The euro is having hit a session low of $1.3196, but this was well off the low at $1.3129 established after Friday's U.S. employment data showed robust job creation in November.
On Tuesday, the government reported that the U.S. trade deficit shrank in October below $60 billion, to its smallest since August 2005.
But the U.S. deficit with China hit a record high, which is bound to crop up when Fed Chairman Ben Bernanke and Treasury Secretary Henry Paulson meet Chinese officials for trade talks later this week.
Against the yen, the dollar is near a session high at 117.49 yen.
The Pound Sterling is well off a session high at $1.9729, which was established after robust UK employment data.

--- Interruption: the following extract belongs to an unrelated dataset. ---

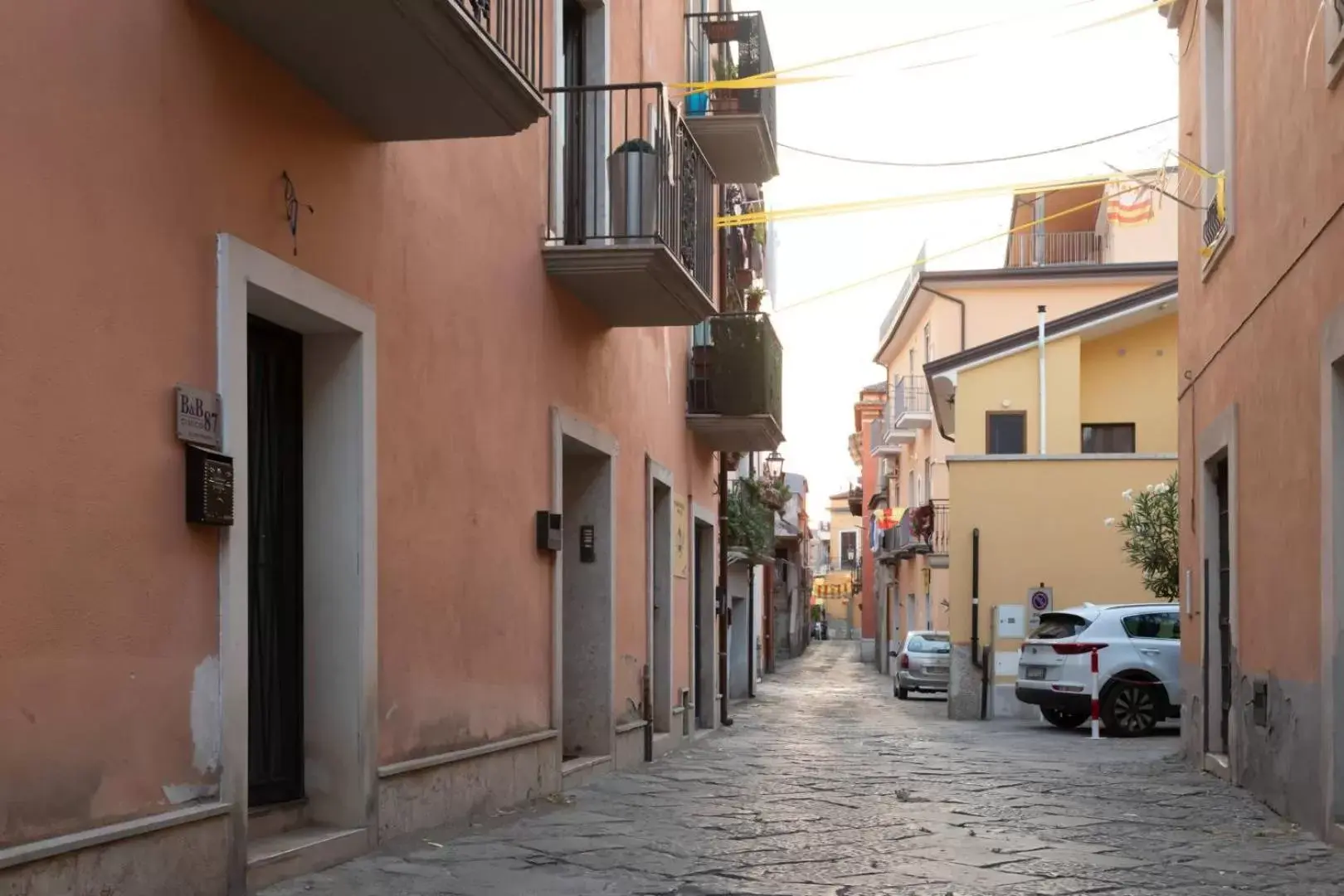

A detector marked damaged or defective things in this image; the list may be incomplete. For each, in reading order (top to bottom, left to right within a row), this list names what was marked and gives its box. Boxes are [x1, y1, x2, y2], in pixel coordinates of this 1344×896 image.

peeling paint patch [192, 655, 220, 773]
peeling paint patch [161, 784, 219, 806] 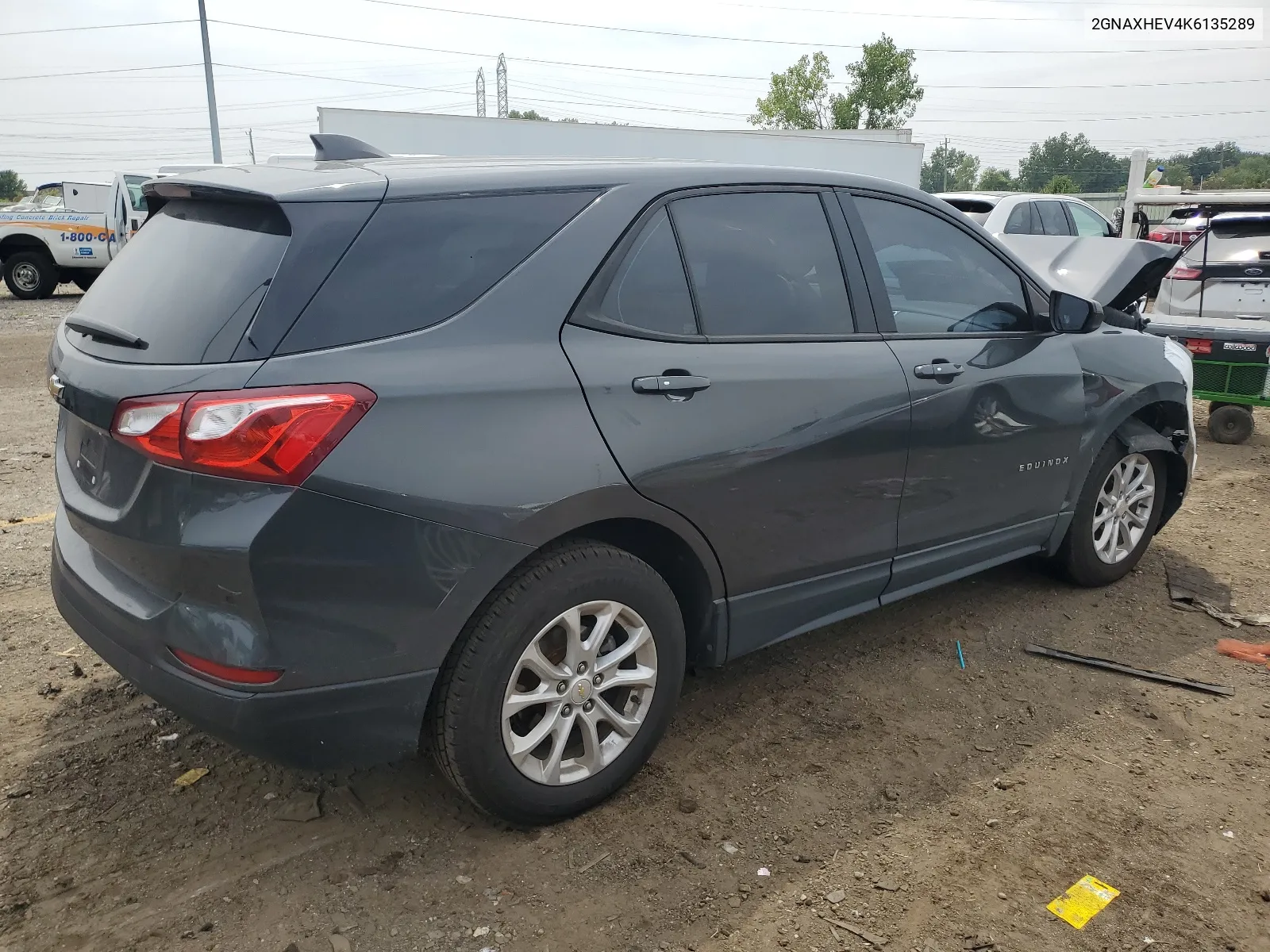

Financial markets continue to reflect a one in five chance that the Fed will cut rates by a quarter of a percentage point in the first quarter of next year, and this will almost certainly mean the dollar's bounce will be short-lived.
"Does this change the overall medium term outlook for the U.S. economy? Probably not," said Tim Mazanec, senior currency strategist at Investors Bank and Trust in Boston. "As we've seen with last few decent numbers, any time the dollar rallies it's brief and only provides opportunity to buy euros."